• **Task directions**
The expected answer is the set of lines in the data below between the line holding "OopsHAIRのAGA治療に決めた理由-口コミ" and the line holding "Outlet DecoWoerner Lichtechter", inclusive, written out exactly.

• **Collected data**
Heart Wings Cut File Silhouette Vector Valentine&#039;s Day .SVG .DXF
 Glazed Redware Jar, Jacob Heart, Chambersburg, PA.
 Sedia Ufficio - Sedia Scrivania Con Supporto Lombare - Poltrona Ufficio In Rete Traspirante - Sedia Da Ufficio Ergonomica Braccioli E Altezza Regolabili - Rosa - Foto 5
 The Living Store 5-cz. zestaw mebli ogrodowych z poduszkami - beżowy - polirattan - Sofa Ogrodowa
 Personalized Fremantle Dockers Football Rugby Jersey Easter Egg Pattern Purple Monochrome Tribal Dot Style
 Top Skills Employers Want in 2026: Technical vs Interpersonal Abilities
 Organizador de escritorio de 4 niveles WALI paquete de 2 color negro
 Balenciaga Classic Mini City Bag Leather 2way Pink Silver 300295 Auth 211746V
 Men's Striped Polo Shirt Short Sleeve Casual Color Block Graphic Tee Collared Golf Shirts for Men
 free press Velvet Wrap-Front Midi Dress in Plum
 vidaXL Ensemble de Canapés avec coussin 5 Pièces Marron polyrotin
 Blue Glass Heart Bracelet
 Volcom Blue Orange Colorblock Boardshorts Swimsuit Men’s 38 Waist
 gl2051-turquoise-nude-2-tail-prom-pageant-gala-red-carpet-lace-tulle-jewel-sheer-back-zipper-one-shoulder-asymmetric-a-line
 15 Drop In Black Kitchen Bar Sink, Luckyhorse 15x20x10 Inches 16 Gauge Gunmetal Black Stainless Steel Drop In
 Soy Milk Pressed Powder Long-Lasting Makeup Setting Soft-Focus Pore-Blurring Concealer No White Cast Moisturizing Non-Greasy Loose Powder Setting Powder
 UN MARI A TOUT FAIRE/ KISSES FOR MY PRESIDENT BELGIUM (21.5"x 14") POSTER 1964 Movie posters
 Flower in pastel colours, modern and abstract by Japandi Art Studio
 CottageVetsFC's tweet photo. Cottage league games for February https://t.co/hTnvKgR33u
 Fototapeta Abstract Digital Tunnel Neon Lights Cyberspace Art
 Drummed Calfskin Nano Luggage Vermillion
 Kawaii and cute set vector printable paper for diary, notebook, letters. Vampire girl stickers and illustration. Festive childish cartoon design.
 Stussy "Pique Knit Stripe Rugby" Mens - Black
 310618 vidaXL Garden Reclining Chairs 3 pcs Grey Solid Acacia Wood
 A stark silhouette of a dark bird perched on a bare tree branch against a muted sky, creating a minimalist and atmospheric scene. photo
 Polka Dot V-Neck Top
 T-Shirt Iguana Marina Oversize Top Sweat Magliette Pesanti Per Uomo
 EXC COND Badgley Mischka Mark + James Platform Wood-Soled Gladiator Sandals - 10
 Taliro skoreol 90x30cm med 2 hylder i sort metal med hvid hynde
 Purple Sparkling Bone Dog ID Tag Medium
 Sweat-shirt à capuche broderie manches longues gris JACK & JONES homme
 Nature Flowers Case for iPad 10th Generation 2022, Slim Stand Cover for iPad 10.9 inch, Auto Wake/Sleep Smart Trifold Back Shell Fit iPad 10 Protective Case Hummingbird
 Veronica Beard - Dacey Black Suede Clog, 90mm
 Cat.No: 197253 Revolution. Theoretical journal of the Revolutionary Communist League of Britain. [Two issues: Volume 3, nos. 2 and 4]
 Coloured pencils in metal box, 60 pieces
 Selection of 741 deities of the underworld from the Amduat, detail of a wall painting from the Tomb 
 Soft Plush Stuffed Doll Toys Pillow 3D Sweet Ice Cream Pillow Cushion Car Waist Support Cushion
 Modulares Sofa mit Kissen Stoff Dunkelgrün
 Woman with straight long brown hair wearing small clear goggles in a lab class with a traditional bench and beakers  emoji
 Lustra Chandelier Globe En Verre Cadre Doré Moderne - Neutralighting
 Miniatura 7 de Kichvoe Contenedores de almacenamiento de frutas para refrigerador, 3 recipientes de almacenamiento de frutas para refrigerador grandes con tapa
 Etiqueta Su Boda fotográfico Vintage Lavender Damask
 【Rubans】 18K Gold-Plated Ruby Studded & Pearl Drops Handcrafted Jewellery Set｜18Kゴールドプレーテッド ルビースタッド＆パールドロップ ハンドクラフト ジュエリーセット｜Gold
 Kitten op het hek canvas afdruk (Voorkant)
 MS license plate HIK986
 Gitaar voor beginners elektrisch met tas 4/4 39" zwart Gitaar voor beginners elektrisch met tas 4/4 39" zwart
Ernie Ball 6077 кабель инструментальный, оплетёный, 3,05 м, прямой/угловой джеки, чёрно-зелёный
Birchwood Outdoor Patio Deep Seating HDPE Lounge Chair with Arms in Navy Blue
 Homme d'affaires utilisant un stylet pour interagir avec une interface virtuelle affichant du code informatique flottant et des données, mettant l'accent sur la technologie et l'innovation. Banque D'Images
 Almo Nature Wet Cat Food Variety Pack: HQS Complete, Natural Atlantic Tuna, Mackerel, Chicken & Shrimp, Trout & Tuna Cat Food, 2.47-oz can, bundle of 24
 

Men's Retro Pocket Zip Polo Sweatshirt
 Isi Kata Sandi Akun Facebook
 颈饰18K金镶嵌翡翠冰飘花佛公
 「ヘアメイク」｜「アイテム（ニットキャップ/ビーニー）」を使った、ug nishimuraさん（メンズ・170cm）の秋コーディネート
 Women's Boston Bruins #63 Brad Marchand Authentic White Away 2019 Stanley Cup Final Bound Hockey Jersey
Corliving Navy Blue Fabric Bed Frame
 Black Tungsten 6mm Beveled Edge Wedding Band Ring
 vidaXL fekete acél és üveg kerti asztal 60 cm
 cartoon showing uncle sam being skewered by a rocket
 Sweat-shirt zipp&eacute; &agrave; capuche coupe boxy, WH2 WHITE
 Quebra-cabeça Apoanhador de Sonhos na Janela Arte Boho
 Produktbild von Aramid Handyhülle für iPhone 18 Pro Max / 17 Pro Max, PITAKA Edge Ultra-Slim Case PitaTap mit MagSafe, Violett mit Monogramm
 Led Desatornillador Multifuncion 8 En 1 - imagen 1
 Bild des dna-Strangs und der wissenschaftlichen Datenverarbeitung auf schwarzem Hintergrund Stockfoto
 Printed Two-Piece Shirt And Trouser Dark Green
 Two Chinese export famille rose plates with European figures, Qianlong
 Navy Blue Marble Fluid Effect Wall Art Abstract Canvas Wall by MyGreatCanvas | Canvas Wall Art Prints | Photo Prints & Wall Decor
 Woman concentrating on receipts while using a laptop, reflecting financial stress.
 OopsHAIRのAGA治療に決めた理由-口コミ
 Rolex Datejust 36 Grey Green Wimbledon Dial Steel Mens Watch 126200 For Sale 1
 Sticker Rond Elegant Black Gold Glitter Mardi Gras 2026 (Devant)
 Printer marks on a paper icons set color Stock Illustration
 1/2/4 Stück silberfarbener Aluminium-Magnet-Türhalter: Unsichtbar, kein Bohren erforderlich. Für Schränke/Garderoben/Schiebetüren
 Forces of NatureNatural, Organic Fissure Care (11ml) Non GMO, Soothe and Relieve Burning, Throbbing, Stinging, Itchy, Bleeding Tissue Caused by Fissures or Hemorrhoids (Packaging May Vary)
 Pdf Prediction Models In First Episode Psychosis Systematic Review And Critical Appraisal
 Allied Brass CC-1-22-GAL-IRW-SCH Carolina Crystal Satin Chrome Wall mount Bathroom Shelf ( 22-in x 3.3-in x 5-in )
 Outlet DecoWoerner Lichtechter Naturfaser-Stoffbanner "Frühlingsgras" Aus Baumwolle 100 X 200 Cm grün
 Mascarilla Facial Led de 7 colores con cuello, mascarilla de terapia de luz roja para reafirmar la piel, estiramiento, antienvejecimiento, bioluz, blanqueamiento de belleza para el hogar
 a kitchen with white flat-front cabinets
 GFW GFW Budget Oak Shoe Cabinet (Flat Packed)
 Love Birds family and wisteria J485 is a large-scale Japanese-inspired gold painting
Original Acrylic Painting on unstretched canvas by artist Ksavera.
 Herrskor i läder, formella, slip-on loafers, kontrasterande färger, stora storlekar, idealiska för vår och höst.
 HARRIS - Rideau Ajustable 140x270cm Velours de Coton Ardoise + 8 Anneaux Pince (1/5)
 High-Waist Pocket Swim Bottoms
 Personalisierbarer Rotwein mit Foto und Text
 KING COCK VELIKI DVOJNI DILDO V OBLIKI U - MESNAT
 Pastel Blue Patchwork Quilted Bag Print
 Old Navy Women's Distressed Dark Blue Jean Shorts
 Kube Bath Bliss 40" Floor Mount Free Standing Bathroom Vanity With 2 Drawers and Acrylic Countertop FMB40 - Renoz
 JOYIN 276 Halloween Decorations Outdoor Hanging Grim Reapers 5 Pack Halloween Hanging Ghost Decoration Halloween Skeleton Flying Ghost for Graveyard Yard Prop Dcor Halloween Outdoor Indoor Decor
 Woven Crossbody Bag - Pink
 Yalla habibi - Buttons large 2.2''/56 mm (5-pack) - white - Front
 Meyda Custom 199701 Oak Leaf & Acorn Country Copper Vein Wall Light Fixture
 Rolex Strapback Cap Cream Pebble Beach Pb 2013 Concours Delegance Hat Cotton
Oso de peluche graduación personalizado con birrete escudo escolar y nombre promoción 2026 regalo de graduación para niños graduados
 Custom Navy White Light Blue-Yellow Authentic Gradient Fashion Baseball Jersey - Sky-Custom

• **Result**
 OopsHAIRのAGA治療に決めた理由-口コミ
 Rolex Datejust 36 Grey Green Wimbledon Dial Steel Mens Watch 126200 For Sale 1
 Sticker Rond Elegant Black Gold Glitter Mardi Gras 2026 (Devant)
 Printer marks on a paper icons set color Stock Illustration
 1/2/4 Stück silberfarbener Aluminium-Magnet-Türhalter: Unsichtbar, kein Bohren erforderlich. Für Schränke/Garderoben/Schiebetüren
 Forces of NatureNatural, Organic Fissure Care (11ml) Non GMO, Soothe and Relieve Burning, Throbbing, Stinging, Itchy, Bleeding Tissue Caused by Fissures or Hemorrhoids (Packaging May Vary)
 Pdf Prediction Models In First Episode Psychosis Systematic Review And Critical Appraisal
 Allied Brass CC-1-22-GAL-IRW-SCH Carolina Crystal Satin Chrome Wall mount Bathroom Shelf ( 22-in x 3.3-in x 5-in )
 Outlet DecoWoerner Lichtechter Naturfaser-Stoffbanner "Frühlingsgras" Aus Baumwolle 100 X 200 Cm grün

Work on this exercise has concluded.